Joe and the fire each move one square per minute, vertically or horizontally (not diagonally). The fire spreads all four directions from each square that is on fire. Joe may exit the maze from any square that borders the edge of the maze. Neither Joe nor the fire may enter a square that is occupied by a wall.
Input
The first line of input contains the two integers R and C, separated by spaces, with 1 <= R, C <= 1000. The following R lines of input each contain one row of the maze. Each of these lines contains exactly C characters,
and each of these characters is one of:
- #, a wall
- ., a passable square
- J, Joe's initial position in the maze, which is a passable square
- F, a square that is on fire
Output
Output a single line containing IMPOSSIBLE if Joe cannot exit the maze before the fire reaches him, or an integer giving the earliest time Joe can safely exit the maze, in minutes.
Sample Input
Case #1: 4 4 #### #JF# #..# #..# Case #2: 3 3 ### #J. #.F
Sample Output
3 IMPOSSIBLE
Source
waterloo 13 June, 2009
題目本身不難,但是很容易WA,兩個坑點:一開始就在邊界的情況和火堆根本碰不到人的情況,第一種稍微把BFS判斷順序改一下就可以了,第二種會導致比較人和火誰先跑出迷宮這種BFS方法WA,可以假設若火根本碰不到人,那麼就算火跑的比香港記者更快,那人還是可以走出去的,然後怎麼保證每一個地方都是最早被火碰到的呢?把所有的火都壓入隊列一次性BFS掉,這樣保證層數相同時時間可以統一更新,因此要用另一種保險的BFS方法,把每一個點時間設好,再對人進行BFS,被這兩個坑點弄的WA十餘次………哎還是too naive。
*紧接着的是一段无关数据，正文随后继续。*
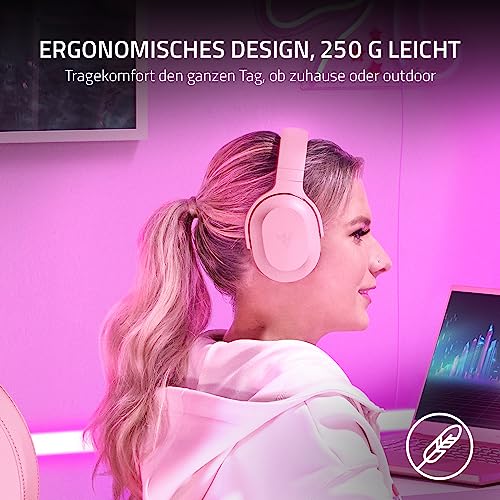 Razer Barracuda X - Kabelloses Multiplattform-Gaming- und Mobil-Headset (Kabellose USB-C-Multiplattform-Konnektivität, 250 g Ergonomisches Design, 40-mm-Treiber, 20 Stunden Akkulaufzeit) Quartz Pink Bild 4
哦對了題目本身是PDF但是CSDN很難放PDF轉換爲word也很難看,乾脆找了個只是輸出格式修改了的題面放上去,方便起見自己把輸出格式也改成了原題一樣的……
代碼:
#include<iostream>
#include<algorithm>
#include<cstdlib>
#include<sstream>
#include<cstring>
#include<cstdio>
#include<string>
#include<deque>
#include<stack>
#include<cmath>
#include<queue>
#include<set>
#include<map>
using namespace std;
#define INF 0x3f3f3f3f
#define MM(x,y) memset(x,y,sizeof(x))
#define LC(x) (x<<1)
#define RC(x) ((x<<1)+1)
#define MID(x,y) ((x+y)>>1)
typedef pair<int,int> pii;
typedef long long LL;
const double PI=acos(-1.0);
const int N=1010;
struct info
{
int x;
int y;
int t;
info operator+(info b)
{
b.x+=x;
b.y+=y;
b.t+=t;
return b;
}
};
info J,F,direct[4]={{1,0,1},{-1,0,1},{0,1,1},{0,-1,1}};
char pos[N][N];
int firetime[N][N];
int vis[N][N];
int n,m;
queue<info>Q;
inline bool checkfire(const info &f)
{
return (f.x>=0 && f.x<n && f.y>=0 && f.y<m && pos[f.x][f.y]!='#' && vis[f.x][f.y]==0);
}
inline bool checkman(const info &a)
{
return (a.x>=0 && a.x<n && a.y>=0 && a.y<m && pos[a.x][a.y]!='#' && pos[a.x][a.y]!='F' && vis[a.x][a.y]==0);
}
inline void init()
{
MM(pos,0);
MM(firetime,INF);
J.x=-1,J.y=-1,J.t=-1;
while (!Q.empty())
Q.pop();
}
inline void setfire()
{
MM(vis,0);
while (!Q.empty())
{
info now=Q.front();
Q.pop();
for (int i=0; i<4; ++i)
{
info v=now+direct[i];
if(checkfire(v))
{
vis[v.x][v.y]=1;
firetime[v.x][v.y]=v.t;
Q.push(v);
}
}
}
}
inline int run(const info &s)
{
MM(vis,0);
queue<info>q;
vis[s.x][s.y]=1;
q.push(s);
while (!q.empty())
{
info now=q.front();
q.pop();
if(now.x==0||now.x==n-1||now.y==0||now.y==m-1)
return now.t;
for (int i=0; i<4; ++i)
{
info v=now+direct[i];
if(checkman(v)&&v.t<firetime[v.x][v.y])
{
vis[v.x][v.y]=1;
q.push(v);
}
}
}
return -1;
}
int main(void)
{
int tcase,i,j,out,cnt;
scanf("%d",&tcase);
while (tcase--)
{
init();
cnt=0;
out=-1;
scanf("%d%d",&n,&m);
for (i=0; i<n; ++i)
{
scanf("%s",pos[i]);
for (j=0; j<m; ++j)
{
if(pos[i][j]=='J')
{
J.x=i;
J.y=j;
J.t=0;
}
else if(pos[i][j]=='F')
{
F.x=i;
F.y=j;
F.t=0;
Q.push(F);
}
}
}
setfire();
out=run(J);
out==-1?puts("IMPOSSIBLE"):printf("%d\n",out+1);
}
return 0;
}